Sports Illustrated is going to be different under new ownership, and while I suppose that is to be expected, I am not excited about what the magazine is likely to become.
First of all, we will get less of it — publishing fewer issues, they say, with more in-depth pieces. I like the sound of that, but whom are they kidding? Who out there can write like Dan Jenkins, John Underwood, Tex Maule and Jack Olsen? Those iconic and classic essayists?
My introduction to the magazine came about in the late ‘50s, when the Dean of Men at the University of Georgia, William Tate, an unforgettable character, who was a devoted SI subscriber, gave me a subscription to the magazine. He kept all the copies of the magazine for years and later gave them to me, a treasure that was overwhelming. Most them are in bound copies, resting inconspicuously in book shelves in my basement.
A sidebar to where this treatise is going is that if the grand old dean was here today and wanted to give something of journalist value to an enterprising student, he would have to gift him a piece of technology which in most cases would be as literarily redeeming as a recapped tire.
From the early sixties to yesterday, I have been a devoted advocate of SI, mainly because of the extraordinary writing and photography that led to sensational and classic presentations. I was fond of the magazine’s eloquent essays and avant-garde photography long before the swimsuit issues came about.
If you read one of those outdoor essays by Jack Olsen, for example, it made you want to go shopping at L. L Bean, head off into the Adirondacks, accompanied by nature and its uninhibited influence; immerse yourself in field and stream and “gather ye rosebuds while you may.” Time was never of the essence with those long narratives which the magazine referred to as bonus pieces.
Two of the vaunted SI writers became close friends and provided enlightenment that resonates today — John Underwood and Dan Jenkins, a Conch from the Keys and a caustic Texan.
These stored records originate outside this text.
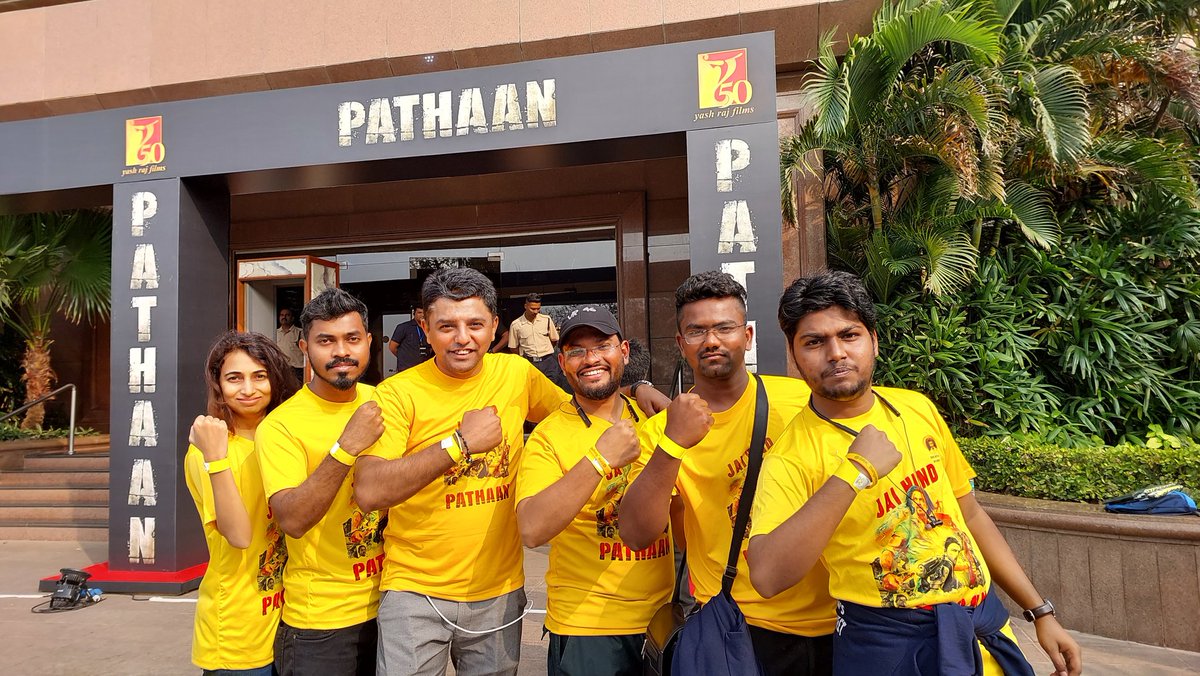 SuperfanAniket's tweet photo. Celebrated the success of #Pathaan and had Mehaman Nawazi by “KING SHAH RUKH KHAN” at Taj Lands End
#Latepost
Love you @iamsrk 💙
Thank You @yrf
#PathaanMania
PATHAAN 700 CRORE WORLDWIDE
#ShahRukhKhan𓀠
@Srk_bangalore 💛
@SRKRoyalsMumbai 💛 https://t.co/nJoud3a0v8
I have spent time in their homes and they have spent time in mine.
I never took the lead in any conversation. To talk with them about journalism would have been tantamount to talking football with Bear Bryant or Bill Belichick. I was, however, a steadfast and doting listener. The rewards of conversational osmosis with these two journalistic icons brings about joyful noises in my head today.
SI writers were well paid, well-traveled and well-dressed. They were the beneficiaries of one of the best retirements in the business. I learned that from David Halberstam in his classic book, “The Powers that Be.” SI founder Henry Luce was a remarkable man when it came to vision and an appreciation for making the best writers the best paid for all Time-Life publications.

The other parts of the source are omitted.